Kirk, keep showing beautiful moments like this but don't hesitate to discuss the "how" along with the "why."

Joel said...

THAT'S the kind of "story behind the photo" that I love to hear.....not all the techno-jabber(although, occasionally, that's interesting,too.) You captured the moment and the emotion.....and incidentally, did a darn good job describing it in words. Great photo.

Alan Fairley said...

Amen. Its not about thinking, its about feeling. I went to an exhibit of modern art at the Hammer museum yesterday, full of clever conceptual ideas, but most of the time all I could think of was "why did they bother to spend the time to create that?" Afterwards I went into the gallery that has the Hammer collection of European art (old masters & impressionists mainly) - the question never arose in that gallery.

mike said...

the photo is perfect

Rod Graham said...

Absolutely one of the best portrait pictures I've ever seen! What a lovely lady and what a lovely capture and presentation.

mike wilson said...

I love the sentiment in this article, Kirk.

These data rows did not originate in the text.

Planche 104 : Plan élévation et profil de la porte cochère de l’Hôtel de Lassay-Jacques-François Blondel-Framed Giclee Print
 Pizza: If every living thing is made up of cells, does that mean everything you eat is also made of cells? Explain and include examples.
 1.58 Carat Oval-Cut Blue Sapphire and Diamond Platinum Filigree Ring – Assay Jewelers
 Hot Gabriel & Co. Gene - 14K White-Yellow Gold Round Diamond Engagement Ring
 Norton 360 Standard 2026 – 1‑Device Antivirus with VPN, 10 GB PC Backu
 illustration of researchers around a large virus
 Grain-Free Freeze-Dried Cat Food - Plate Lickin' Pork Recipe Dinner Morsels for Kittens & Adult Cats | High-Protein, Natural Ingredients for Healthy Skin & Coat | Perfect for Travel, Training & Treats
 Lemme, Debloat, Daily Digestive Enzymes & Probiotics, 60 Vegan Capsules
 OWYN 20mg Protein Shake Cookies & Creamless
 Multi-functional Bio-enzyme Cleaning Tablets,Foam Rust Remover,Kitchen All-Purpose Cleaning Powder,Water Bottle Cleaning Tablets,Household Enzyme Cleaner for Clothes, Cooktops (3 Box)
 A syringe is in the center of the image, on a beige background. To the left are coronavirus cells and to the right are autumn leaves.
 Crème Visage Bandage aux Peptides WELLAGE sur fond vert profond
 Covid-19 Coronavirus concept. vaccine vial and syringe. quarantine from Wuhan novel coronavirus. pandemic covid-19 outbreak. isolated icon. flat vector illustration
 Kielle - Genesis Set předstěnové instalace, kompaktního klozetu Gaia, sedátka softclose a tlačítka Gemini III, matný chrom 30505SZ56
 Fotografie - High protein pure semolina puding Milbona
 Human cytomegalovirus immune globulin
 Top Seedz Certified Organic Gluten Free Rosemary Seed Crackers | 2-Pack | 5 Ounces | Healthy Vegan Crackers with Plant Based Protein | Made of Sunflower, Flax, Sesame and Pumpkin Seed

Having said that, for people who are learning, some people learn more by talking with those with experience than by reading or trial and error. And I think we can all agree that there's a craft side to photography that's got some pretty harsh learning curves to mount. Ultimately yeah, the photo is about the moment and the magic and not about f-stops and shutter speeds, but if you don't know the f-stops and shutter speeds you'll have a hard time capturing the moment reliably when it happens.

I agree that people obsess WAY too much about gear, and I too am tired of chatting with photographers who know the basics about gear. Just on Sunday I had some lady say her 85mm 1.8 was crap because it didn't have a red ring on the end of it. Meanwhile I take photos I love with my $100 50mm which has no ring around the end at all.

Sigh.

I'm going to have to strongly disagree with one statement though: "It's not a muse. It's not an inspiration. Look outward for that inspiration." In my opinion you should be looking INWARD for that inspiration. :)

Keep up the good work!

Oh, and I love that picture of Belinda. I love the inky black shadows in the background and that beam of light she's standing in… ah, so wonderful!

kirk tuck said...

Mike. NO. NO. NO. I am not talking about beginners or people who want to learn the basics. I was very clear that I'm talking about people who have the basics all done and the intermediate all done who would rather dick with quasi technical and hair splitting bullshit rather than just go out and shoot. It's about people who know as much as I do about photography who would rather sit around and talk about arcane stuff than do the work.

You know, the guy who can tell you which version of the super lens was made in Austria for six months before they transferred production to Bratslava and how they used to use seven elements but now have added and unannounced eighth element, etc., etc,,etc.

David Ingram said...

That is a really beautiful photo! Wonderful shadows and story behind the photo.

GWC said...

read this post three times in a row...you have a gift for writing...i love this blog!!!

Greg said...

Kirk, thanks for the inspiration to get out and shoot! Remember I mentioned about going to dance drama performance? I did and came back with lots of good shots. I want to share some with you. They are on my Flickr page: http://www.flickr.com/photos/gregshanta/

Gear considerations can't be avoided. After all, it's what we use to make photographs. But what can and must be done with is what you refer to above: the stuff about the hypothetical Austrian lens company moving production to Bratislava. I know some guys like that and I can't stand them.

Cheers,
Greg

kirk tuck said...

Ten people e-mailed me this week. They wanted me to tell them which Pen Camera to buy. I reiterate the message here. Shut up and go shoot.

Anonymous said...

Amazed that this article keeps popping up everywhere on the web. Has Mr. Tuck struck a raw nerve?

JAC said...

Keep taking photos for you... and share your photos with us.
Congratulations for your personal and clear thoughts.